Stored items
◇ ◇ ◇

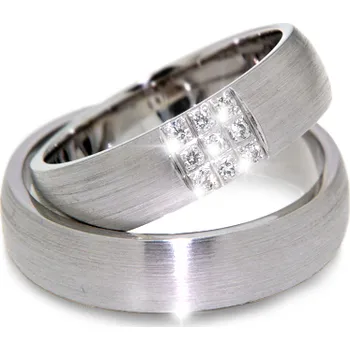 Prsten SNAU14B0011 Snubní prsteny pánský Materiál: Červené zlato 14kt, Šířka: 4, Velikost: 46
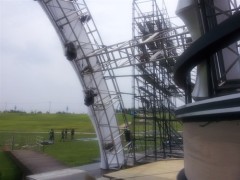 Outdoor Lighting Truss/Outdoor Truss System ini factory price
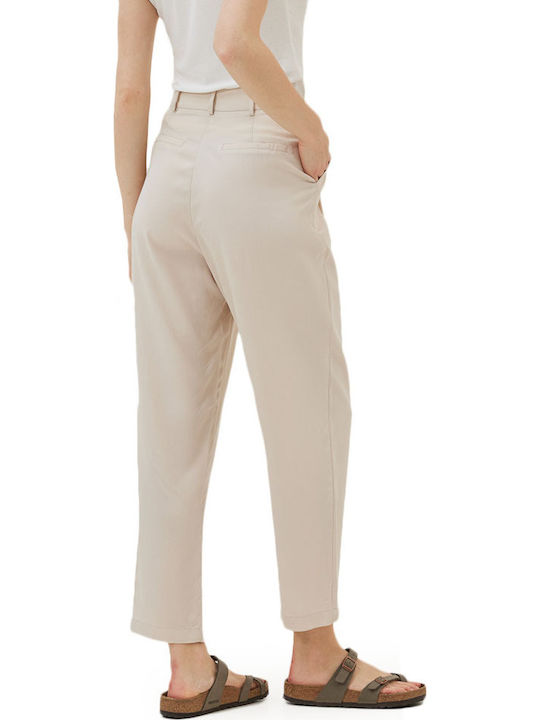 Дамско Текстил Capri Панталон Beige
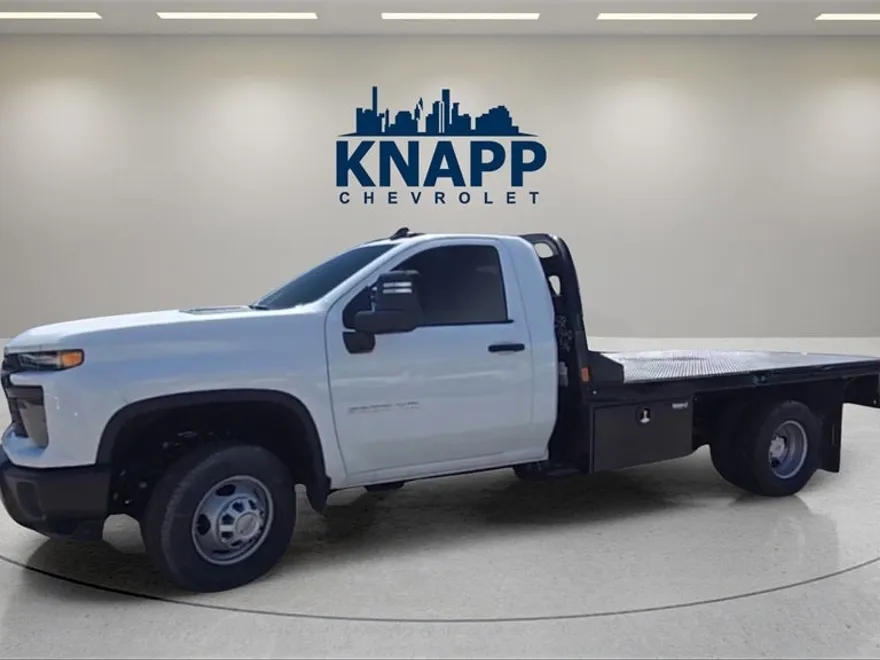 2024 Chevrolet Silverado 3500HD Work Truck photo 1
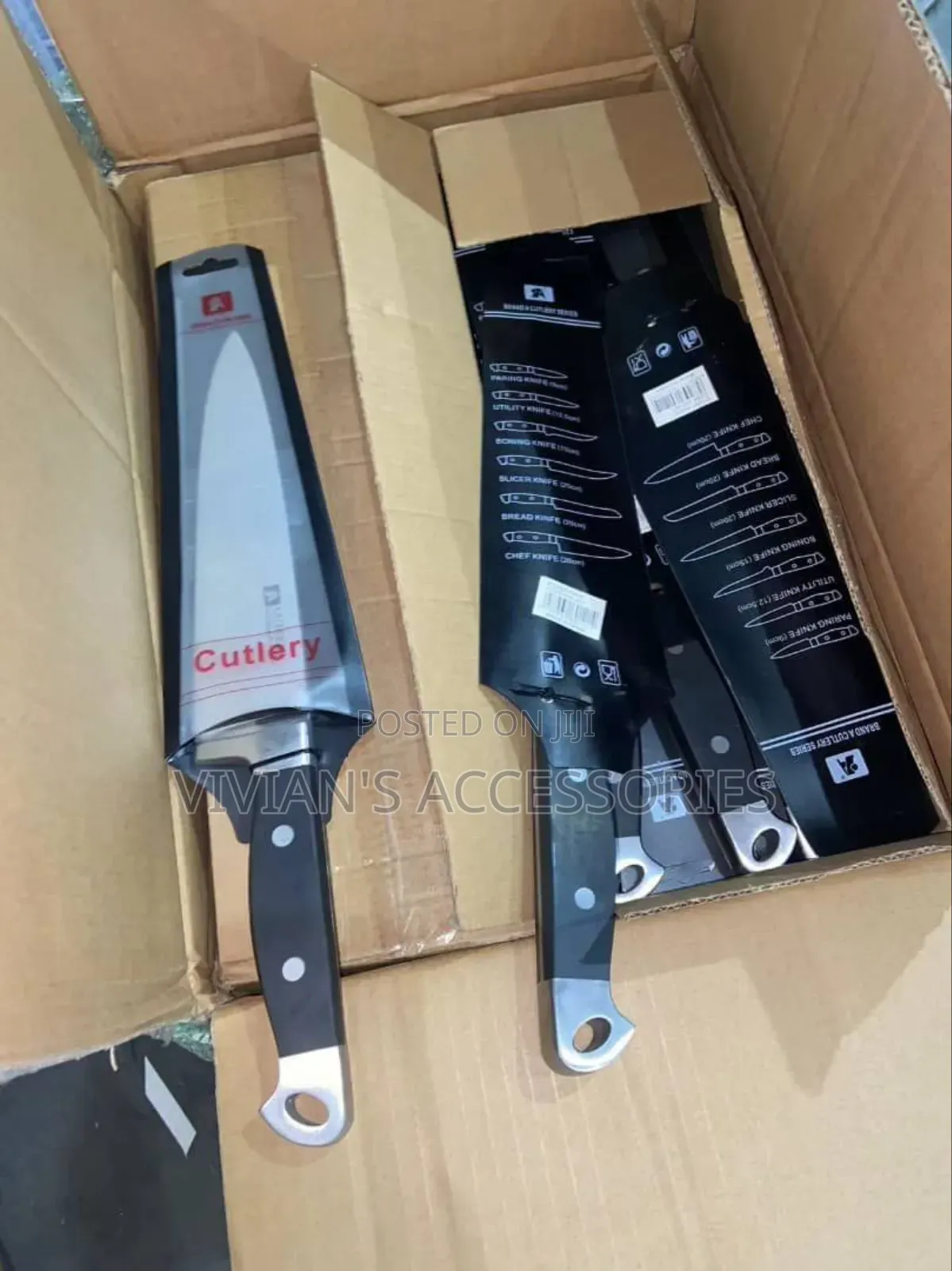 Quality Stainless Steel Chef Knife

◇ ◇ ◇

** PROBLEM DESCRIPTION **
Repeat the entries exactly, without pictures.

** TASK SOLUTION **
 Prsten SNAU14B0011 Snubní prsteny pánský Materiál: Červené zlato 14kt, Šířka: 4, Velikost: 46
 Outdoor Lighting Truss/Outdoor Truss System ini factory price
 Дамско Текстил Capri Панталон Beige
 2024 Chevrolet Silverado 3500HD Work Truck photo 1
 Quality Stainless Steel Chef Knife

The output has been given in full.